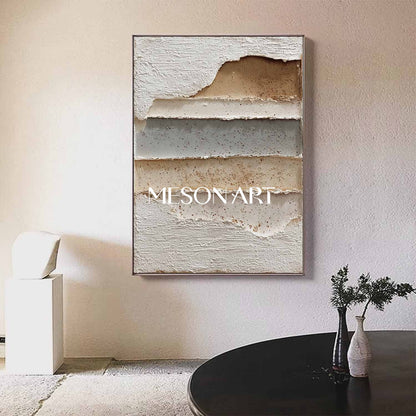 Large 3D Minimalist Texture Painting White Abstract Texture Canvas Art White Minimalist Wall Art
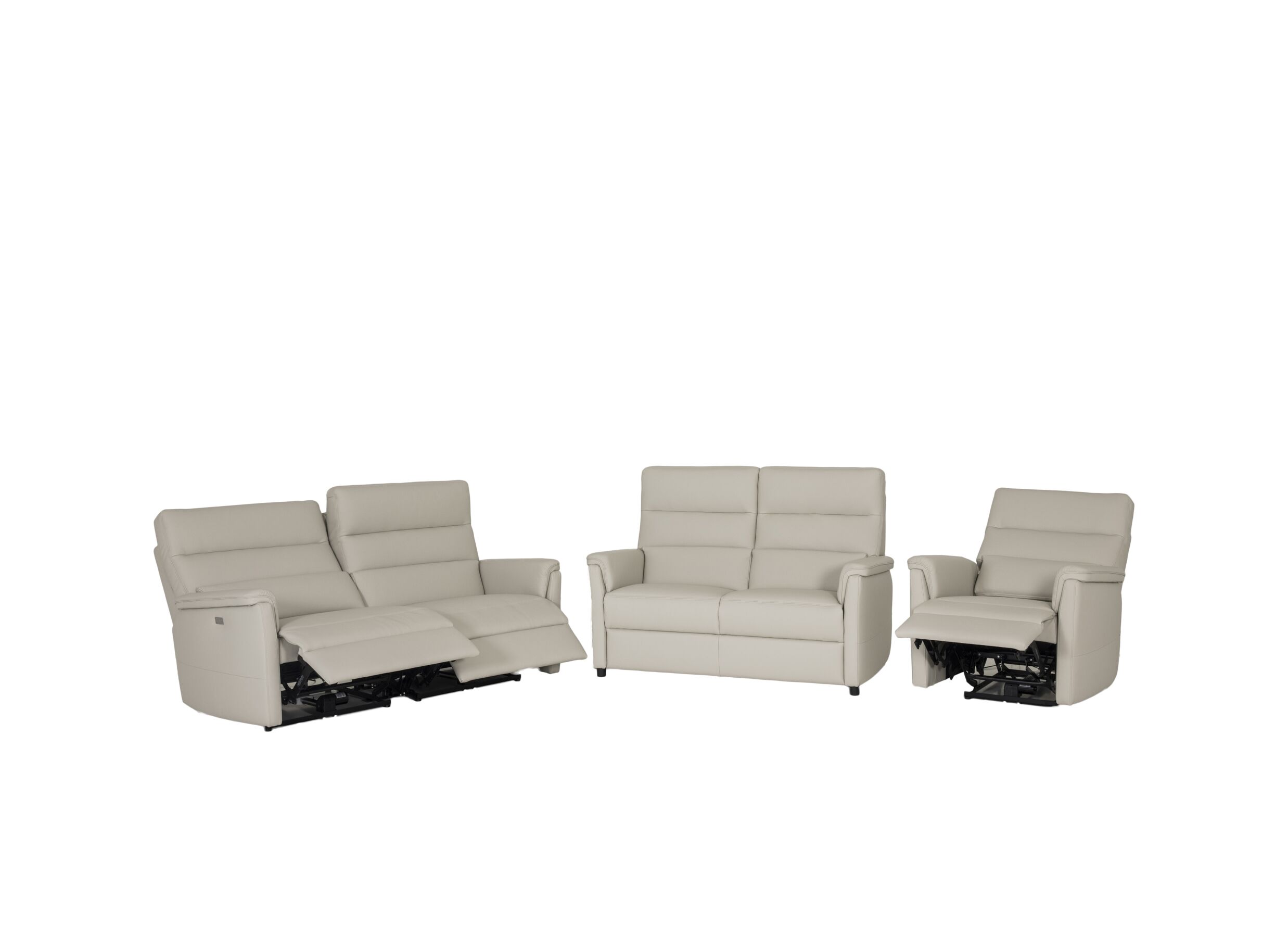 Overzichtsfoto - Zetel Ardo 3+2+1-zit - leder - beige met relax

==

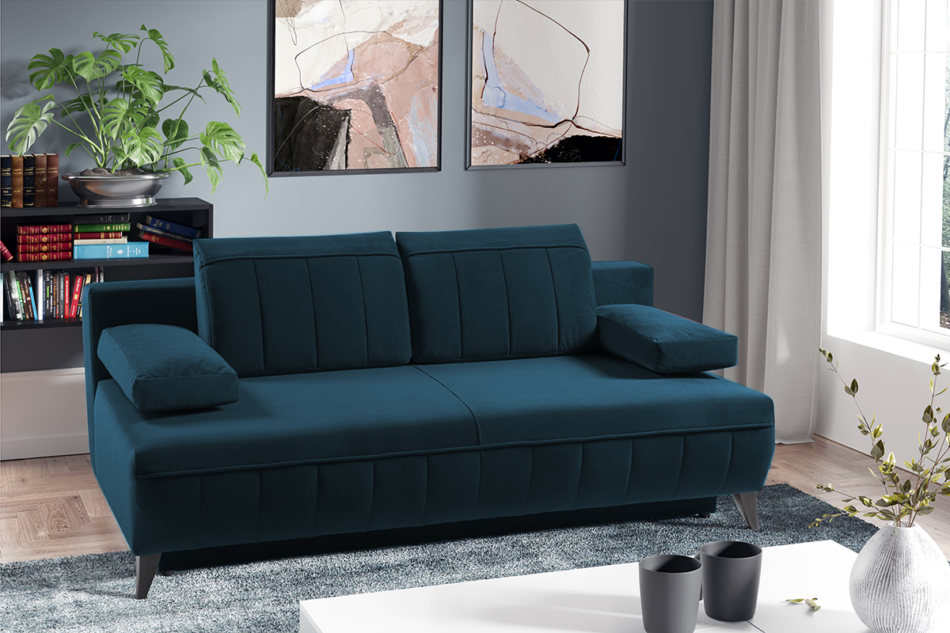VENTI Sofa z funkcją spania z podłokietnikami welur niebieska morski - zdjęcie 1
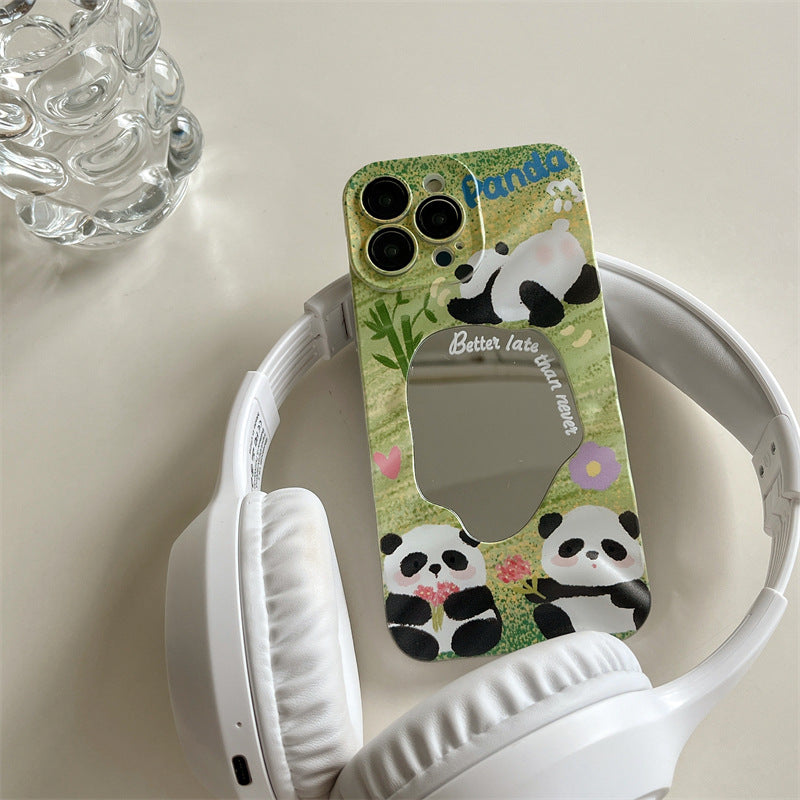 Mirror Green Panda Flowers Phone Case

* * *

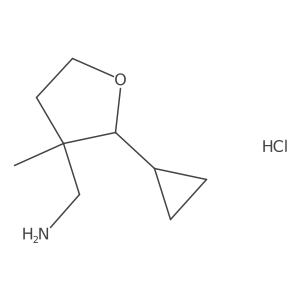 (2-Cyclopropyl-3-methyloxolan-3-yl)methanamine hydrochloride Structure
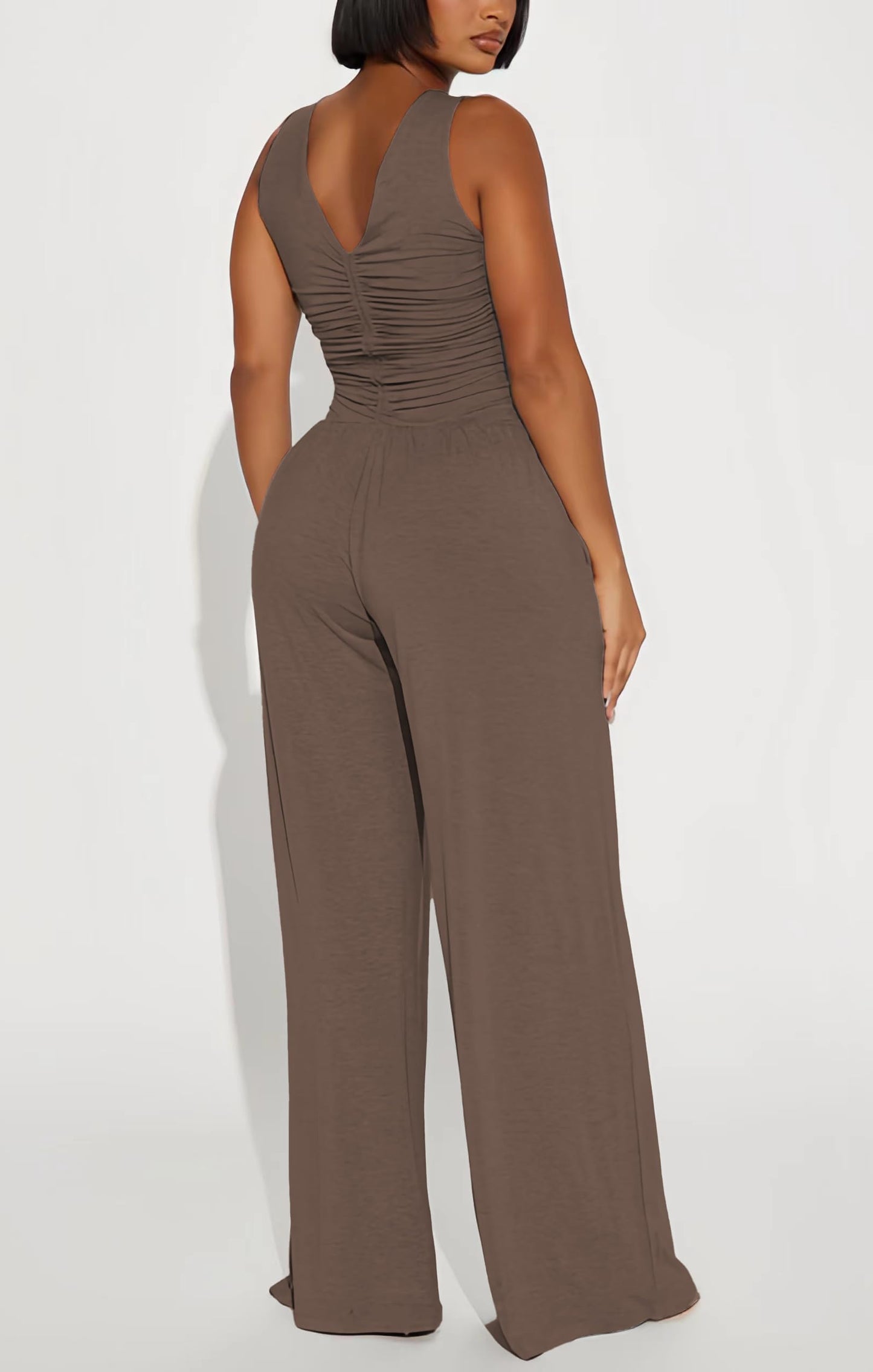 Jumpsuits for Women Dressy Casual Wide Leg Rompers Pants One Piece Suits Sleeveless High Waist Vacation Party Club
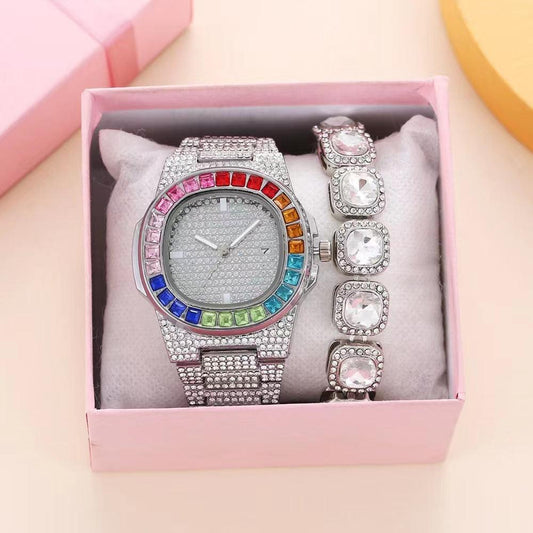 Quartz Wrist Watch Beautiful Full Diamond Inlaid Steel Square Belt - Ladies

* _Your task_: Work from the entries above. Set down exactly and only the lines from the line with "Large 3D Minimalist" to the line with "Overzichtsfoto - Zetel", both included, and leave the pictures out.

* _Exercise answer_:
 Large 3D Minimalist Texture Painting White Abstract Texture Canvas Art White Minimalist Wall Art
 Overzichtsfoto - Zetel Ardo 3+2+1-zit - leder - beige met relax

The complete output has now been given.